İçinde yer aldığımız ve bizi her yönüyle kuşatan Batı Medeniyetinin teknolojik birtakım faydaları olsa da zararları pek çoktur. Kendi içinde Rönesans ve Reform gibi hamleleri gerçekleştiren Batı’nın estirdiği ve Osmanlının son iki asrından itibaren başlayan değişim, günümüzde de son hızıyla devam etmektedir. Zaman içerisinde kılık-kıyafetimiz, hayata bakışımız, önceliklerimiz ve hassasiyetlerimiz değişti. Dine ait değerlerimize yabancılaştıkça da modernizmin pençesine iyice yuvarlandık. Bu değişim elbette ki birdenbire olmadı. Zamana yayıldığı ve teknoloji ile harmanlanıp sunulduğu için çoğu zaman farkına bile varamadık. Böylelikle her geçen gün İslam toplumu olmaktan daha fazla uzaklaştık. İdeolojilerin kirlettiği dünyada Müslümanlar olarak birçok yönden zarar gördük.
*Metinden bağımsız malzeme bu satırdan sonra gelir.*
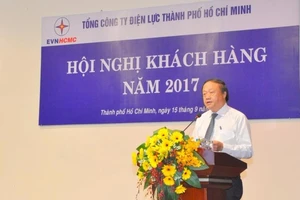 EVN HCMC tổ chức hội nghị khách hàng năm 2017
Batı Medeniyetinin zarar verdiği yapıların başında aile gelmektedir. Son yıllarda Türkiye gibi nüfusun büyük çoğunluğunun Müslüman olduğu ülkelerde bile, her üç evlilikten birinin boşanma ile sonuçlanıyor olması durumun vahametini göz önüne sermektedir.1 Aile, toplumun en küçük yapısı ve temel birimidir. Onun zarar görmesi veya bozulması, bir süre sonra toplumun bozulmasına yol açacaktır. Eğer toplumun gidişatını düzeltmek istiyorsak aileyi hatta aileyi meydana getiren bireyi düzeltmekle işe başlamalıyız. Düzeltmeye bozulmanın olduğu yerden yani dini değerlerden başlamalıyız. Geri kalmışlığın tüm faturasını dine çıkararak bizi evvela dine ve onun değerlerine karşı soğuttular, dünyaya bakışımızı bozdular sonra içinde bulunduğumuz buhranlardan kurtuluşun reçetesi olarak alternatif bir yaşam tarzı sundular. Oysa kendi medeniyetimize bağlı kaldığımız dönemlerde hem dünyada söz sahibiydik hem de toplum olarak daha erdemli ve huzurluyduk. Batılı hayat tarzı/dünya görüşü bizi birçok cepheden kuşatmış, toplum yapımızı bozmuştur. İslami bir nesil inşa etmek istiyorsak önceliği aileye ve neslin oluşumundaki rolüne vermeliyiz. Gerçek medeniyet olan İslam’ın aile yapısına bakışını ele alıp bu konuda eksiklerimizi gidermek, neslimizi doğruluğundan emin olduğumuz değerlerle eğitmek zorundayız.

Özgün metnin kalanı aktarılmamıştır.